(Not Quite) All About the Bass: A Sonic Journey into the Nether Regions

 

Image result for bass

Not that kind, obvs!

I’ve been thinking a lot about drums and bass recently. Almost always the last thing I put in any track I’m creating, they should, of course, be pretty much the first thing. I mean, the rhythm section, right?

There’s a very good series on BBC4 just finished called ‘Guitar, Drum and Bass’ which covers all three instrumental elements of most popular music setups: you can catch it on iPlayer if you’ve missed it.

In it, Tina Weymouth (bass) Stewart Copeland (drums) and Lenny Kaye (guitar) trace their instruments’ history, from early blues and jazz right through to the present. They’re all good, but my favourite was Tina, who as Talking Heads’ bassist has probably had a few musical styles thrown at her over the decades!

I’m not quite sure why bass has been so neglected in my music making. I suppose we all have slightly different hearing ranges, and it may be that mine is tipped towards the treble end. In any event, the Tina Weymouth episode inspired me to experimentation on a track I’d had half-done for some time. In particular, a section on 90s DJs, and their search for ever more profound bass sounds got me twiddling about with the available knobs on my music editing software (of which, as I’d just shelled for the Pro Edition of Mixcraft 9, there are several).

Firstly, I used the Korg synth to record a really basic bass part, as low as I could go on the keyboard. Then, using Mixcraft, I duplicated it, then dropped the second track an octave – or twelve semitones, something I should have known without looking up. That sounded … interesting: basically, I now had a bass part that would have my left hand hanging off the end of the keyboard for most of the notes. And then I thought, how low can you go?

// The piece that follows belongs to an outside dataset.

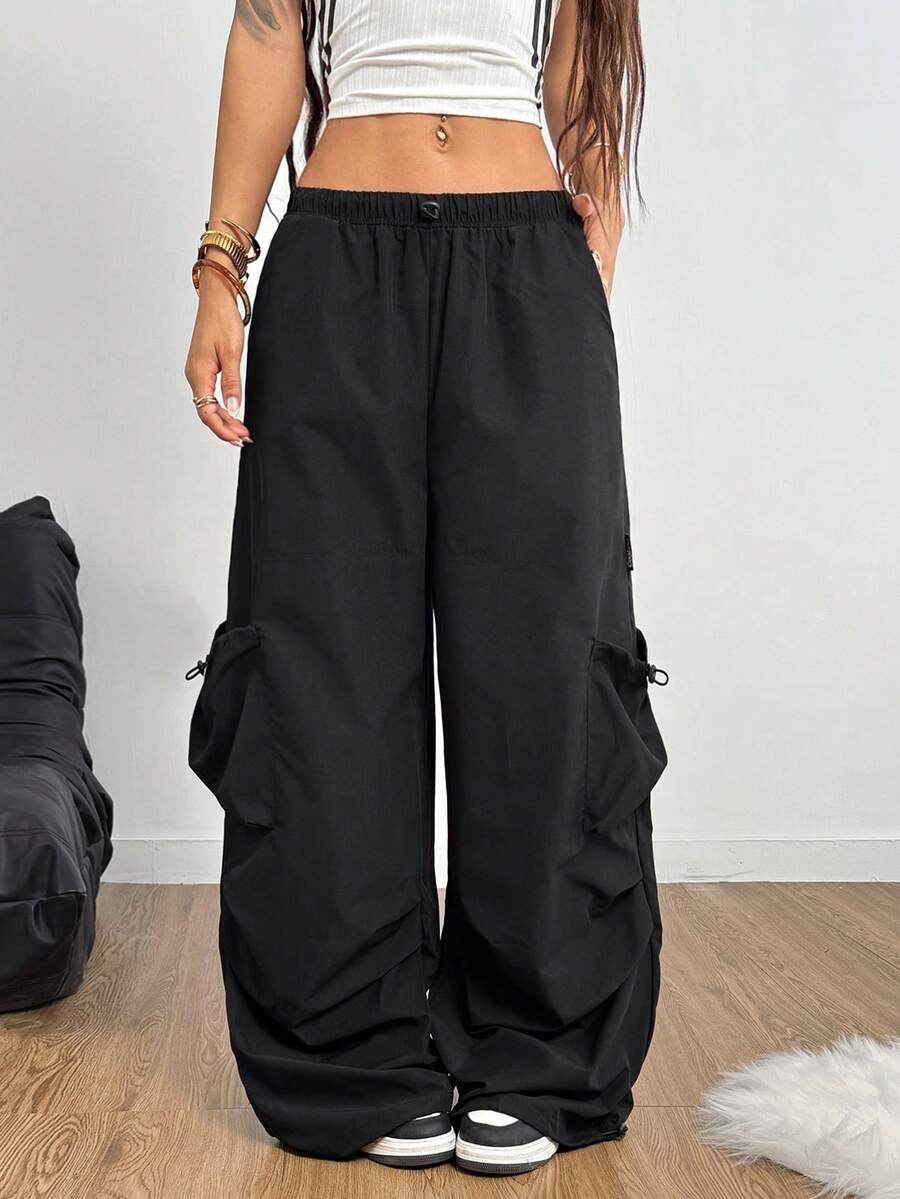 Women's loose black wide leg cargo pants featuring a low waist and drawstring waistband.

Third track, another octave down. You could still hear it, but it was WAYYY low, growling away to itself. I imagined swimming ever lower and lower, down into the sonic nether regions, beyond the range of the human ear where Beelzebub and his minions lurked, sending messages to the unwary through the sub-bass demonosphere.

Pleased with myself, I got as far as finalising the track with all three octaves of bass on it, growling away underneath the song. I was going to put it up on Soundcloud.

Then next day I decided it didn’t work, cut the two lower tracks and stuck it up with the ‘normal’ bass. Hey ho. Perhaps one day I’ll dive towards the nether regions once more, torch in hand, but not on this song!

(The track itself, by the way, is one of a number of contenders for my next album, Otto’s Biography. It’s not in yet, so any feedback gratefully accepted)

P.S. original version replaced with the one on the album, featuring excellent work from Norman Lamont on bass.